Principal Component Analysis: banknotes

I conduct EDA principal component analysis of a dataset banknotes. I intend to reduce dimensionality of this dataset to be able to train neural network so that it can recognise counterfeit banknotes with high probability.

Jolliffe (2002) groups methods for choosing the number of PCs into three branches: subjective methods (e.g., the scree plot), distribution-based test tools (e.g., Bartlett’s test), and computational procedures (e.g., cross- validation). According to Choi et al. (2015) each branch has advantages as well as disadvantages, and no single method has emerged as the community standard.

The scree plot (a) “shoulder rule” method aims to determine the point where adding another principal component does not explain much variance in comparison to previous principal components. We may identify “shoulder” on 3rd principal component. According to this method, we choose number of PCs just before “shoulder”, so 2.

Another method directly connected with scree plot method is picking a threshold of culminative variance explained by the first n PCs. The 90% rule of thumb suggests to choose q to be the smallest integer such that the q first PCs explain at least 90% of variance. According to this method I should choose 3 PCs which explain in total 93% of variance.

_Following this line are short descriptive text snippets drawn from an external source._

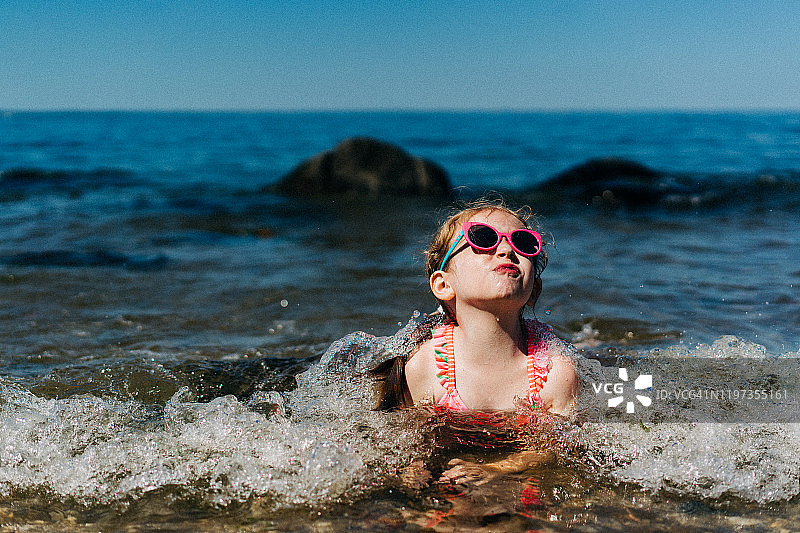 小女孩在长岛海峡游泳图片素材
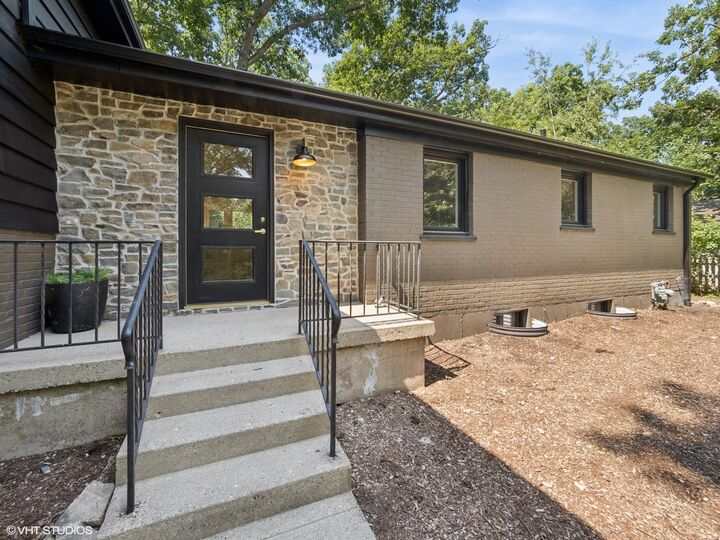 Property Photo: 600 Eton Drive IL 60010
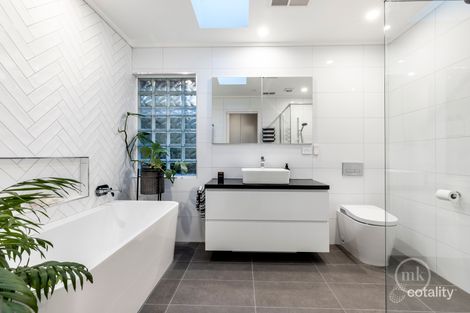 Property photo of 7 Eskdale Court Eltham North VIC 3095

The broken-stick model retains components that explain more variance than would be expected by randomly dividing the variance into p parts. As can be seen in the plot, we should only choose the first component because only its variation is greater than that given by broken stick model 2.

Choosing number of PCs.

The entries of first PC loading tells us that the first PC score is essentially the contrast between Diagonal and Bottom, Top, Right, Left. The second entries of PC loading tells us that the second PC score is essentially a contrast between Bottom, Diagonal and Top, Left, Right.

First 2 PCA scores of non-stanrarised (left) and statdarised (right) data.

For non-standarised data, PC scores of both genuine and counterfeit banknotes form separate groups, which has little overlap. Based on this finding we may classify new banknote to be genuine, or counterfeit. The spread of PC scores of genuine banknotes is relatively small in comparison to counterfeit banknotes.

In comparison to non-standarised data, the overlap between PC scores of genuine and counterfeit groups is higher. Spread of PC Scores of both groups is also higher. The PC scores are different and there appear to be more outlier PC scores.

R code used to conduct analysis:

library(devtools)
library(factoextra)
library(easyGgplot2)
library(lattice)
library(magrittr) ## allows to write g(f(x)) as x %>% f %>% g
library(uskewFactors)
data(banknote)
?banknote ## check the help page for the dataset
names(banknote)[7]  <- 'genuine' # the 7th column says whether a banknote is genuine
summary(banknote)
X <- banknote[,-7] # the data matrix
banknote.pca <- prcomp(X, scale=FALSE)
sdPC <- banknote.pca$sdev %>% round(2) # returns the standard deviations of the PC scores.

varPC <- sdPC^2
perTotVar <- (varPC[1]+varPC[2])/sum(varPC) #Question 2

y <- c(1,2,3,4,5,6)
plot(banknote.pca, yaxt="n") #Question 1
points(y, sdPC)
plot(banknote.pca, xlab="Pricipal Component")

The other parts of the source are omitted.